Ia tinggal bersama dengan anak ketiga dan kelima. Keduanya mengalami tuna daksa akibat kecelakaan yang menimpanya. Bahkan, anaknya hampir berada di ICU selama satu bulan. Selain itu, ia pun tinggal dengan anak kelimanya yang membantu untuk mencukupi kebutuhan sehari-hari.
Kepada Riau Pos, Kamis (23/1) Zetma mengatakan, berharap vonis pada suaminya bisa sesuai dengan hukum yang berlaku dan hakim adil. "Hakim dapat adil dalam memberi putusan sidang," sebutnya dengan menyembunyikan tangisnya menghadap bumi.
Katanya, suaminya pun pernah mengalami kecelakaan pada sekitar enam atau tujuh tahun belakangan saat akan ke pasar. Kejadiannya, setelah kedua anaknya kecelakaan. Sehingga kaki suami tercintanya mengalami sedikit gangguan berjalan.

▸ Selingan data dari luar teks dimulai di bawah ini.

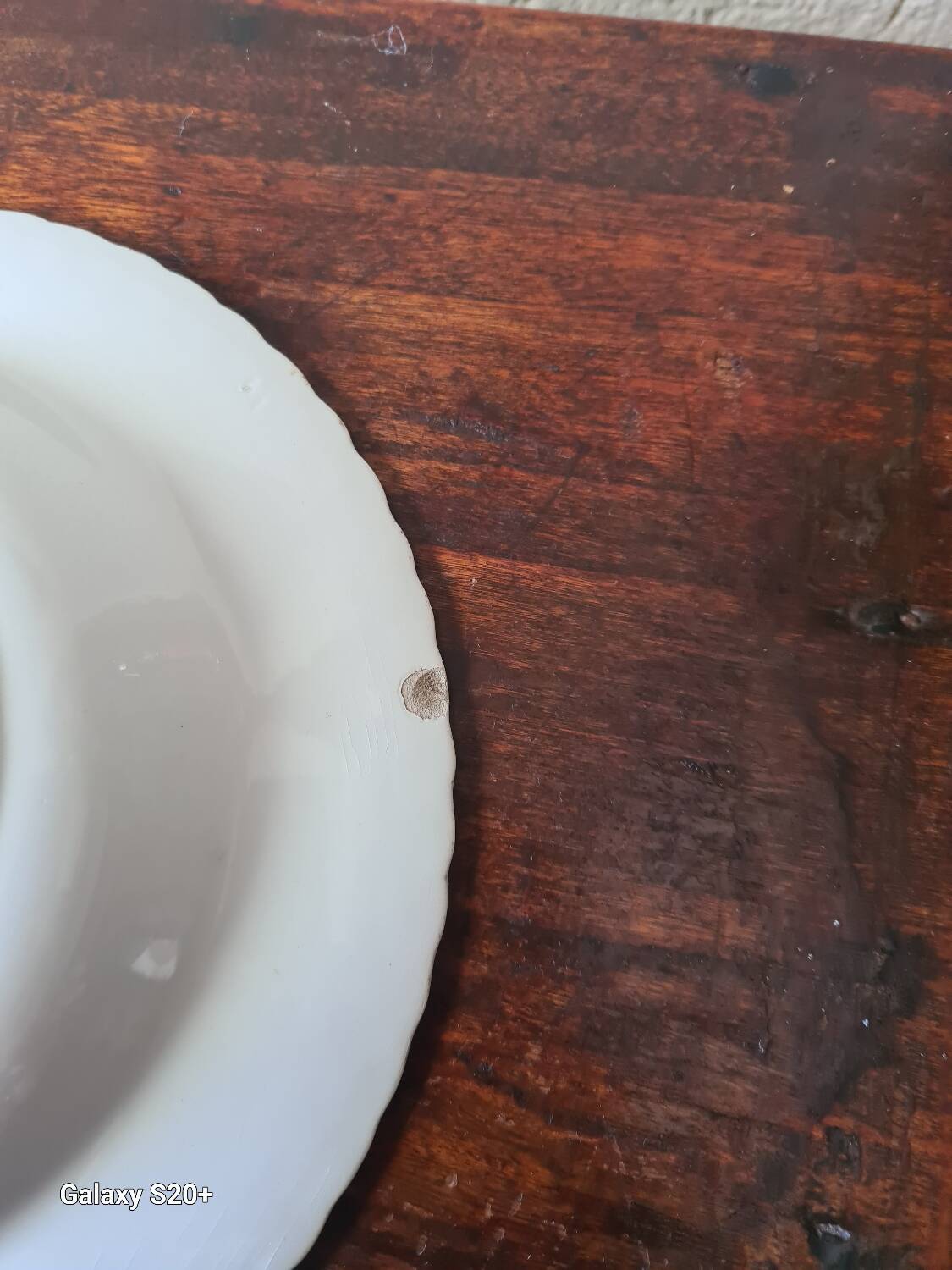 Deep plates from GIEN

Sejak suaminya tersandung hukum, perekonomiannya pun turun drastis. Dulu, suaminya menderes karet di lahan yang terbakar (milik bosnya) itu. Karet itu dijual jika sudah 15 hari, hasilnya bisa mencapai 100 kg hingga 150 kg. Normalnya 100 kg. Harga per kilonya kisaran Rp6 ribu. Jika ditotalkan mencapai Rp900 ribu. "Dengan penghasilan seperti itu tidak cukup. Tapi ya bagaimana lagi. Sementara sekarang hanya mengandalkan hasil jualan kedai yang tak seberapa ini. Kalau dituntut Rp3 miliar dapat uang dari mana," ucap wanita tua yang miliki enam anak ini.
Sebagai informasi, sebelum menjadi petani kerja asongan, suaminya sudah bekerja di kebun itu sejak 1993. Menanam palawija seperti ubi, kacang dan cabai. Namun, kisah itu harus berakhir saat suaminya dipanggil polisi pada Maret 2019.

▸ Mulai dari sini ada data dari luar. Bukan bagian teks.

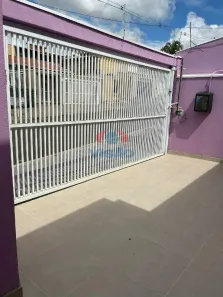 Casa com 3 Quartos à venda, 186m² no Jardim Esplanada, Indaiatuba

"Biasanya setiap pagi pukul 09.00 WIB suami saya pergi ke kebun dan menderes karet. Kini sudah tidak lagi. Sejak ditinggal, saya mencoba tanami lagi dengan cabai. Belum ada berbuah. Semoga dalam waktu dekat panen," tuturnya.

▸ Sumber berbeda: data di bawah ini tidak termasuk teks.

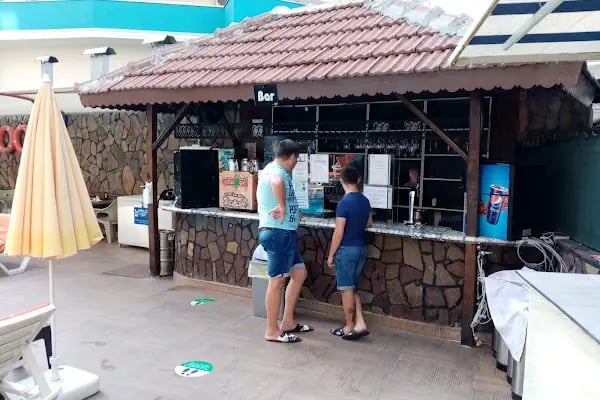 Sun Vera Hotel - Resim 9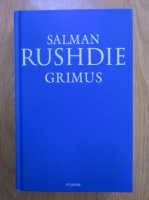 Salman Rushdie - Grimus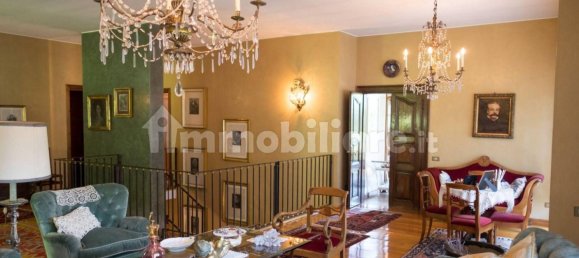 4 غرف نوم فيلا في Parma, Italy رقم 3590 3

Saat sidang Selasa (21/1), ia ikut hadir. Kepada pengacaranya sangat memohon agar vonis pada suaminya bisa seringan mungkin atau bahkan jika bisa dibebaskan. "Saya shock sambil nangis karena tuntutan jaksa dan meminta pengacara agar bisa membela suami. Dan saya juga ingin hakim benar-benar adil saat sidang putusan selanjutnya," kisahnya.
Di waktu yang sama, anaknya yang nomor dua turut menceritakan, saat penangkapan ayahnya. "Waktu itu pukul 09.00 WIB ayah pergi ke kebun untuk bersih-bersih. Kemudian menumpukan hasil yang dibabat termasuk ada tumbuhan semak belukar kecil. Kemudian dibakar agar bersih sekitar pukul 11.00 WIB," paparnya.